Ask HN: Danger of raising money for a consumer web startup
We've quite randomly encountered a team of would-be startup incubator / money finders / placeholder executives who after meeting somewhat briefly with us and looking over our (slightly informative) business plan and partially functioning demo site, suggested that we re-form as an S Corp in Delaware, which would be preferable to our current LLC in California. They then sent over an offer to pay them $7k (half up-front) for the preparation of an investment kit (incorporation, business plan, stock purchase agreement, etc.), and mentioned a 4% commission on money raised and 4-7% founders' share equity for them with a ~$3M series A open-ended round, and that we would be able to keep majority share for the founders at that valuation.

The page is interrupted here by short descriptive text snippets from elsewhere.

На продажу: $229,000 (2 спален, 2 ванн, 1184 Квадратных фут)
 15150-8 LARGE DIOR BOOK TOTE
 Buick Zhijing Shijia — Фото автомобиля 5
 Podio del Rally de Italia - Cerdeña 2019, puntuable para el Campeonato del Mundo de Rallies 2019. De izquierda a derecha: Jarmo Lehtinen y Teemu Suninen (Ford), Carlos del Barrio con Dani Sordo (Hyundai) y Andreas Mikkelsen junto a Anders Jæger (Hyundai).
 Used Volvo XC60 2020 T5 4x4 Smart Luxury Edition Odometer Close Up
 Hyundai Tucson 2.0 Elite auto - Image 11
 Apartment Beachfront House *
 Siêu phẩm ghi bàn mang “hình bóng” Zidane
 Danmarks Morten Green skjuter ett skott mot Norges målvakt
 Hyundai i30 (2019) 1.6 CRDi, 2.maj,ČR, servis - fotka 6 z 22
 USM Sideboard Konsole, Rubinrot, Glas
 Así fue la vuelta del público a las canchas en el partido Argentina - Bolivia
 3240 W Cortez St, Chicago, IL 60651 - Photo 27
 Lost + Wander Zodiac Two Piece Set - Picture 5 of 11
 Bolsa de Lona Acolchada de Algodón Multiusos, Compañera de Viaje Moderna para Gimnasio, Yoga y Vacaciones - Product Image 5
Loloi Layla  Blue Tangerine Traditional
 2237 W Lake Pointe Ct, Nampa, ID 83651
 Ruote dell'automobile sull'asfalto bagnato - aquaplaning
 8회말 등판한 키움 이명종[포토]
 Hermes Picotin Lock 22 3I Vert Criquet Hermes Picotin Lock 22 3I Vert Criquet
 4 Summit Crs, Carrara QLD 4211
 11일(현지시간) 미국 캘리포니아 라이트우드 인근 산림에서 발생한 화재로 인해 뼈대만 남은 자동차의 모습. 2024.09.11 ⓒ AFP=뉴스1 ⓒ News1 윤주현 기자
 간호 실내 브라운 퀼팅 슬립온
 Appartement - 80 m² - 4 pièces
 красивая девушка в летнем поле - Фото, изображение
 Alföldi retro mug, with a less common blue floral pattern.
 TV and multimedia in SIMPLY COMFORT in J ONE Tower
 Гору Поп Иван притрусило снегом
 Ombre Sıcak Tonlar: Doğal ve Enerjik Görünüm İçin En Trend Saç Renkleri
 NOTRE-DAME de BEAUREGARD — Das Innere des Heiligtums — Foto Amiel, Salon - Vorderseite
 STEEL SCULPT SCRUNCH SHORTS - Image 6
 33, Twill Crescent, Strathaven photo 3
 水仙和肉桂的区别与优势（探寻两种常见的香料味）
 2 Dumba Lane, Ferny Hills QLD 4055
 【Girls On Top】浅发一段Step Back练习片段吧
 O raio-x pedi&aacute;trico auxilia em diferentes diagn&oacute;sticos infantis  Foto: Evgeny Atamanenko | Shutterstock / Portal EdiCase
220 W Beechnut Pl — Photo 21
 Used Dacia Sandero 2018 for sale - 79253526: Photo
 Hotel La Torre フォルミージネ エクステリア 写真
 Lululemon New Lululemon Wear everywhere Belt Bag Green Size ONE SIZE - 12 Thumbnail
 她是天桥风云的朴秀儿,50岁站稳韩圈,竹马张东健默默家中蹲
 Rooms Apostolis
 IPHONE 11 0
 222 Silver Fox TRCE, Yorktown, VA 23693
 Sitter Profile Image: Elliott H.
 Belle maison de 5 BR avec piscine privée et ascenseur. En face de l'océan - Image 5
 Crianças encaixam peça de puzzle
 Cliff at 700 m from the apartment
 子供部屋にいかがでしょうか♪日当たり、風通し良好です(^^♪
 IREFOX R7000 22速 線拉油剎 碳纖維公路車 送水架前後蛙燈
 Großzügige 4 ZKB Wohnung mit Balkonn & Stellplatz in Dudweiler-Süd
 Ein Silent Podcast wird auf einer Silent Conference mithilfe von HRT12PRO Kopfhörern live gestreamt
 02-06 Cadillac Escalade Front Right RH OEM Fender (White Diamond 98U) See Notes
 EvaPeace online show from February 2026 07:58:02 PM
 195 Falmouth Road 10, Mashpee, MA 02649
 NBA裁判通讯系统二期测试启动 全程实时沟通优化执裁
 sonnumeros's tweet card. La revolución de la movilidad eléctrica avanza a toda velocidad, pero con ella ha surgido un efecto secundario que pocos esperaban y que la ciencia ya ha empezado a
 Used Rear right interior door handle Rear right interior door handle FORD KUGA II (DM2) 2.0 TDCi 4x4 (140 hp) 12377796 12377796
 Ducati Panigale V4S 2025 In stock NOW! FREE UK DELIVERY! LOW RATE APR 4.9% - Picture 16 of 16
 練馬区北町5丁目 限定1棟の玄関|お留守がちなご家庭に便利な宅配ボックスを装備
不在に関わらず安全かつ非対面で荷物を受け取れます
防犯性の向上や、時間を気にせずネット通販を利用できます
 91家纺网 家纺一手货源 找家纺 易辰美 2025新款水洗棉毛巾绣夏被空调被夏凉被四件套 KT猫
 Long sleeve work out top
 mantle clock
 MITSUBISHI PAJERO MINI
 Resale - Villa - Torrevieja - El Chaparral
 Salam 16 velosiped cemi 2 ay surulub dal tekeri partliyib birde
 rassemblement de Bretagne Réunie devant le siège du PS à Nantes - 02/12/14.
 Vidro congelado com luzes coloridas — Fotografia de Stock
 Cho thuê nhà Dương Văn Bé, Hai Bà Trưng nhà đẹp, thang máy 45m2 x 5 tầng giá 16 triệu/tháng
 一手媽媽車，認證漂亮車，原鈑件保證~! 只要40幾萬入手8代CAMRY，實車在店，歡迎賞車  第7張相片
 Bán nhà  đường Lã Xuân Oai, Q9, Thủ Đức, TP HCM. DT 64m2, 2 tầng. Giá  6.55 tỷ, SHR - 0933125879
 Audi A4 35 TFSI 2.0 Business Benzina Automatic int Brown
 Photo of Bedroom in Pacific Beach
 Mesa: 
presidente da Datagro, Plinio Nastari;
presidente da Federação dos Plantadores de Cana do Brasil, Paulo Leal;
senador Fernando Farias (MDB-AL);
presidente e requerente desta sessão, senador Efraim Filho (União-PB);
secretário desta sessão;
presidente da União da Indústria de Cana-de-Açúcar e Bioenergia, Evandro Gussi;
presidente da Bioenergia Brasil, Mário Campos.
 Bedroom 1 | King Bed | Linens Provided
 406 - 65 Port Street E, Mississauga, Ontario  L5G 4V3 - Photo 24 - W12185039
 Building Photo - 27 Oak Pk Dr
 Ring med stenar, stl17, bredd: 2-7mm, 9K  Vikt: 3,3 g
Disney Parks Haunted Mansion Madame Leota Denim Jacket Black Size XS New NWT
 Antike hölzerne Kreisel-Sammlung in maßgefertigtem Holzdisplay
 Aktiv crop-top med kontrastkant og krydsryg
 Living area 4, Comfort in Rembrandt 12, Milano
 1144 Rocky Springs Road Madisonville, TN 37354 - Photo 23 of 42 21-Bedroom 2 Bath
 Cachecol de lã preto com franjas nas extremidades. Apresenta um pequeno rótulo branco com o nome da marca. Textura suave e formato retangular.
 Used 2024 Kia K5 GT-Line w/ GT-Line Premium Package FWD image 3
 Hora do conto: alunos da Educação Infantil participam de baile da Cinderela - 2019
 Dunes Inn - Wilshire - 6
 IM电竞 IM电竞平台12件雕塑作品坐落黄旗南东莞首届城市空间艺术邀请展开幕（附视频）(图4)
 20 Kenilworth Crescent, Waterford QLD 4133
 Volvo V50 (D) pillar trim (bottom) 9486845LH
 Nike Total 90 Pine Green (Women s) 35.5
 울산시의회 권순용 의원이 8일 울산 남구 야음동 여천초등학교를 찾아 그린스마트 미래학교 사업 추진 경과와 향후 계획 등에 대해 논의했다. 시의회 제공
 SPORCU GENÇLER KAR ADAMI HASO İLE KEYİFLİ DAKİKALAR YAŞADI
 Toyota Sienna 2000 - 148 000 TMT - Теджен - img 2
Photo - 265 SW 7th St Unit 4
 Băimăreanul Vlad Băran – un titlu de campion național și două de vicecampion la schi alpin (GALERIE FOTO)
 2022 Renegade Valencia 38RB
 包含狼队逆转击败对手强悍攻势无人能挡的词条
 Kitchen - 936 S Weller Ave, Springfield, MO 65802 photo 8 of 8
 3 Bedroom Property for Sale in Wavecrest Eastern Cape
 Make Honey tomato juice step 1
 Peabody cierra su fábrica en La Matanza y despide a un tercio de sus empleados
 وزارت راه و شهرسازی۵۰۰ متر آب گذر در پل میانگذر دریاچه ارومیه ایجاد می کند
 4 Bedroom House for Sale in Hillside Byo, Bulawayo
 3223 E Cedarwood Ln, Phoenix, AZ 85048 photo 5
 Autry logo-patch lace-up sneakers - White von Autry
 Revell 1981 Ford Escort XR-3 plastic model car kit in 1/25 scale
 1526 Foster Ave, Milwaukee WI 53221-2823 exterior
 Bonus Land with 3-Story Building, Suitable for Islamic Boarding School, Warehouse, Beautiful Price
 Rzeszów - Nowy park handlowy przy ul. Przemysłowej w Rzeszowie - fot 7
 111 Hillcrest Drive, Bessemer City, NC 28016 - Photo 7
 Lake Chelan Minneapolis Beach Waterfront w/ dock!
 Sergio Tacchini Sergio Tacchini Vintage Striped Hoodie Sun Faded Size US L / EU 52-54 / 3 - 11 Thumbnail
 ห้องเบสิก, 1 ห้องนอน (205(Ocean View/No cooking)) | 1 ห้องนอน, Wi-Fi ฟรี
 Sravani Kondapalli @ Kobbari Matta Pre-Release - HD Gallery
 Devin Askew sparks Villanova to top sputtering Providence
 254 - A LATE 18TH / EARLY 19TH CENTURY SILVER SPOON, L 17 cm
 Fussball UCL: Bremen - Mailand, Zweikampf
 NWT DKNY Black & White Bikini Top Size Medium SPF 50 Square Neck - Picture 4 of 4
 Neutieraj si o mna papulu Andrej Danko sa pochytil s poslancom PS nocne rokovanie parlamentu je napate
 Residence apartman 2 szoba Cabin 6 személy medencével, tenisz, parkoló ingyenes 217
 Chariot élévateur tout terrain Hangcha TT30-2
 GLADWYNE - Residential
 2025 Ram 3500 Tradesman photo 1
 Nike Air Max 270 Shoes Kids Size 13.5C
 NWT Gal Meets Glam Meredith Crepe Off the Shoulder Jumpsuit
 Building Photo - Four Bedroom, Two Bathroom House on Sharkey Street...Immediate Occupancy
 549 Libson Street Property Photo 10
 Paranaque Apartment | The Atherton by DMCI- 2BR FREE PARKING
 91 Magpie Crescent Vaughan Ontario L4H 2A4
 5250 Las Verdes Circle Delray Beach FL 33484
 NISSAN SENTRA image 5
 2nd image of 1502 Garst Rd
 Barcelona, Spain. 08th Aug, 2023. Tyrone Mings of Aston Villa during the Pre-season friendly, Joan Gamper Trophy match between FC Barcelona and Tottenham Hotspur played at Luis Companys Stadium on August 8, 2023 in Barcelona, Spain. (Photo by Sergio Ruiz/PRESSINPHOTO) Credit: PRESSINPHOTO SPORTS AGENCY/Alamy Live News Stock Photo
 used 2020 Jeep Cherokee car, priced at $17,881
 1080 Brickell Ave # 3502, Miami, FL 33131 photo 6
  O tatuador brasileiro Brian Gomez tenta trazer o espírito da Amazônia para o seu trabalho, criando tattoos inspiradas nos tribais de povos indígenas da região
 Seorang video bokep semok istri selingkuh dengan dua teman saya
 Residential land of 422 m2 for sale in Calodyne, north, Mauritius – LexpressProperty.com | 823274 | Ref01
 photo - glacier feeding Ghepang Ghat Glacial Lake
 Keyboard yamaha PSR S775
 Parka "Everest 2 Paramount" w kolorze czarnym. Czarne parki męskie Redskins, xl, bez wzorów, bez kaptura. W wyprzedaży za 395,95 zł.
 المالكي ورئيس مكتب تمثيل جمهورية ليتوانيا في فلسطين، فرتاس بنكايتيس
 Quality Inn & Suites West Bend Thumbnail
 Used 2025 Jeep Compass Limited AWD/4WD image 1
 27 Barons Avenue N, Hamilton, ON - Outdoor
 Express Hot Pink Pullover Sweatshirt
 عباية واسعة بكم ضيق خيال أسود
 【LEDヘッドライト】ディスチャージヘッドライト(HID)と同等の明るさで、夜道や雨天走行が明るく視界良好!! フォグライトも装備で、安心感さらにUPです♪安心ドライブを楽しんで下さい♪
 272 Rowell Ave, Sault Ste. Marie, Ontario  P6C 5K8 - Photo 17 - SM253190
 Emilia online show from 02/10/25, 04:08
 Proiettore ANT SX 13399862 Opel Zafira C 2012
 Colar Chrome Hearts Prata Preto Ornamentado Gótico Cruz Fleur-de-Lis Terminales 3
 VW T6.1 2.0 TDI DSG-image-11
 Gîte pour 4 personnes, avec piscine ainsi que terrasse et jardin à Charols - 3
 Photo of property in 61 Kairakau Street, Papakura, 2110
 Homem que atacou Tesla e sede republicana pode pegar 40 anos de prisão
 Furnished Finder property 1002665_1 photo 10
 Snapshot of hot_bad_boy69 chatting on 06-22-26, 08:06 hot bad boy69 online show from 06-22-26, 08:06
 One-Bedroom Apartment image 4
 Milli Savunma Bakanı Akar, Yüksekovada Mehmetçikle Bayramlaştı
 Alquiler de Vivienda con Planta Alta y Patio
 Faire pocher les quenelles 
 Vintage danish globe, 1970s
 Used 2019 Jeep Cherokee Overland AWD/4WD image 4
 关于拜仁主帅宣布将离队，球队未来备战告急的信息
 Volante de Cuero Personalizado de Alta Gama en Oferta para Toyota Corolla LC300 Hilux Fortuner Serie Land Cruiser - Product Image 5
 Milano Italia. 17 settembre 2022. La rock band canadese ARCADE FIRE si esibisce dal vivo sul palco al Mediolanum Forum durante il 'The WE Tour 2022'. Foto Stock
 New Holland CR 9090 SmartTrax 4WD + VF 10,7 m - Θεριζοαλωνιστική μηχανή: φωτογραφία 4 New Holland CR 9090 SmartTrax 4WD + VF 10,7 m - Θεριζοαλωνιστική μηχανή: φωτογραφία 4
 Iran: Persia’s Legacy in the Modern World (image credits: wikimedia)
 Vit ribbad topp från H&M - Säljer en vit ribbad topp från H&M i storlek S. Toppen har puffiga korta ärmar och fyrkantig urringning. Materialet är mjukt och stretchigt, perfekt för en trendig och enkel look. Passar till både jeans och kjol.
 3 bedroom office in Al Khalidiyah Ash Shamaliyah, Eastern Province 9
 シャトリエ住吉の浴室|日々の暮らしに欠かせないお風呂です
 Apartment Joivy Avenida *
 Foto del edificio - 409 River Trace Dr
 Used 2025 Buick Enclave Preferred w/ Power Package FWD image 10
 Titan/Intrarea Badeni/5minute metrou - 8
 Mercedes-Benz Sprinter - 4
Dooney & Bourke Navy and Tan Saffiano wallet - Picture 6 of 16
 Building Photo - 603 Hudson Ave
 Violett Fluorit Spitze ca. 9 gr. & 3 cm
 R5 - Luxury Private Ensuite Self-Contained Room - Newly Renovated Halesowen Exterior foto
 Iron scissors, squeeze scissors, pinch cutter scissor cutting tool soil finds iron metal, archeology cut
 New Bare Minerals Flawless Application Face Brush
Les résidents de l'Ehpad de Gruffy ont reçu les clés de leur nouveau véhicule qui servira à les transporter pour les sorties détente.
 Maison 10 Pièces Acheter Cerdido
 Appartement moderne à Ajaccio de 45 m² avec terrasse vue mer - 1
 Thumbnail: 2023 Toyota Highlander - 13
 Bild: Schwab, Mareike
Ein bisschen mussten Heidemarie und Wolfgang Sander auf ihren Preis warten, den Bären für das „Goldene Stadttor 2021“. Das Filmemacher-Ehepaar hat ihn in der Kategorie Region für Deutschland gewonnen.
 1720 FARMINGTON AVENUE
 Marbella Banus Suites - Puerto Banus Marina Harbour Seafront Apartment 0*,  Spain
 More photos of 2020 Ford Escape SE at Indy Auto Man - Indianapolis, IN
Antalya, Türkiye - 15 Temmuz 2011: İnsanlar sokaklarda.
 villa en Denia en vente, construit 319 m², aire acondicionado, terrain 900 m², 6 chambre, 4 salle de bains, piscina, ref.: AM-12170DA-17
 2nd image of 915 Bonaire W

Now, given the fact that we would apparently be their first clients, this is the point where most sane people would run away screaming. We declined their generous offer for the investment kit preparation as too risky for us given their lack of track record, but they would like to meet for more in-depth discussion and possibly some other kind of arrangement.
It's probably unrealistic for us to think about a series A round before we have content licensed, let alone users and revenue. That said, what do you think about involving people like this in a startup? Are there any red lines that we shouldn't cross here, for fear of making us unattractive to investors? What are some ways of minimizing our risk as we seek partners in raising money? Are there any particular resources you might suggest for us?
8 comments
[ 3.8 ms ] story [ 27.8 ms ] thread"They then sent over an offer to pay them $7k (half up-front) for the preparation of an investment kit (incorporation, business plan, stock purchase agreement, etc.), and mentioned a 4% commission on money raised and 4-7% founders' share equity for them with a ~$3M series A open-ended round, and that we would be able to keep majority share for the founders at that valuation."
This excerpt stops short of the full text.